◆ WHAT YOU WILL DO
In full and unchanged, set down the entries that follow, with no images.

◆ PROVIDED ENTRIES
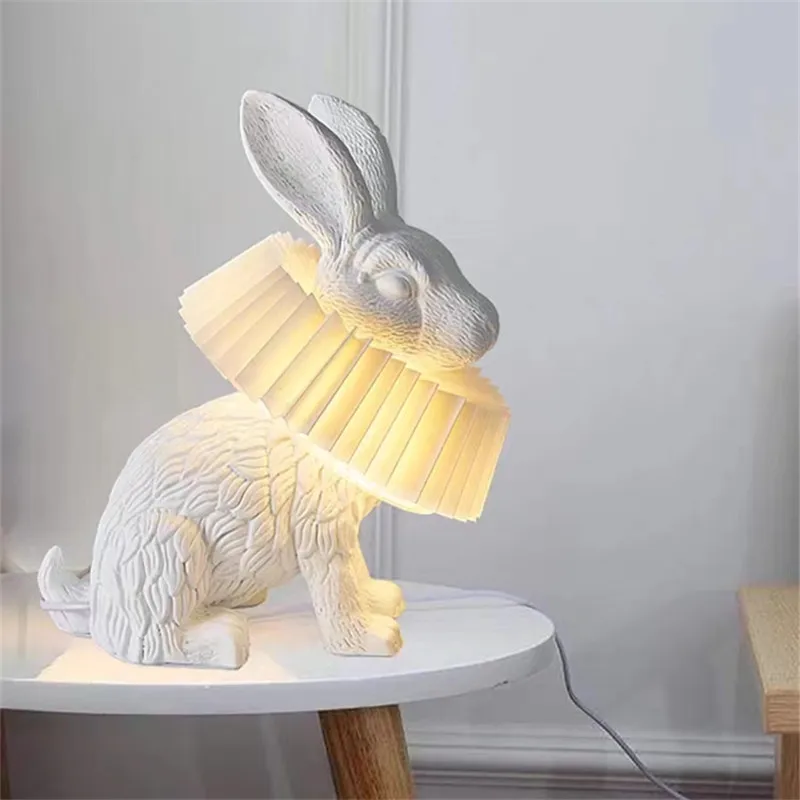 lampe de table lapin adorable pour décoration enfant - Image 6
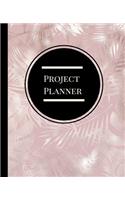 Project Planner: A 53 Week Personal Organizer and Undated Planner to Achieve Goals, Management and Increase Productivity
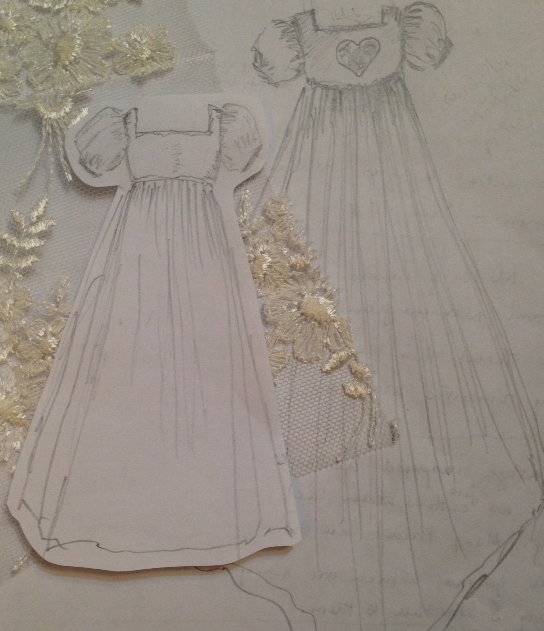 Rosalind the Dressmaker located in Cheltenham, Gloucestershire, talks bridal trends: Image 1
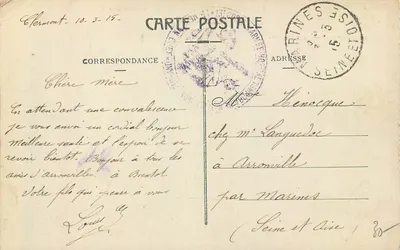 Clermont-Ferrand — Widok ogólny — Piekło Auvergne — Rewers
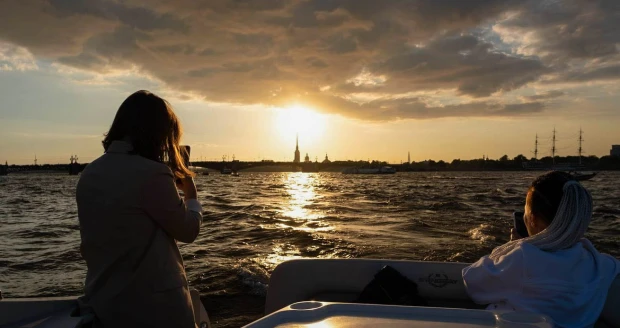 Voyages in St. Petersburg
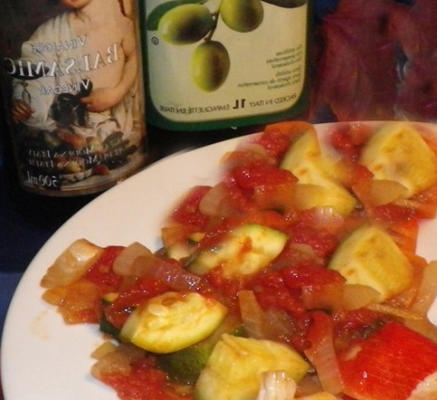 estilo italiano de squash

◆ YOUR RESPONSE
 lampe de table lapin adorable pour décoration enfant - Image 6
 Project Planner: A 53 Week Personal Organizer and Undated Planner to Achieve Goals, Management and Increase Productivity
 Rosalind the Dressmaker located in Cheltenham, Gloucestershire, talks bridal trends: Image 1
 Clermont-Ferrand — Widok ogólny — Piekło Auvergne — Rewers
 Voyages in St. Petersburg
 estilo italiano de squash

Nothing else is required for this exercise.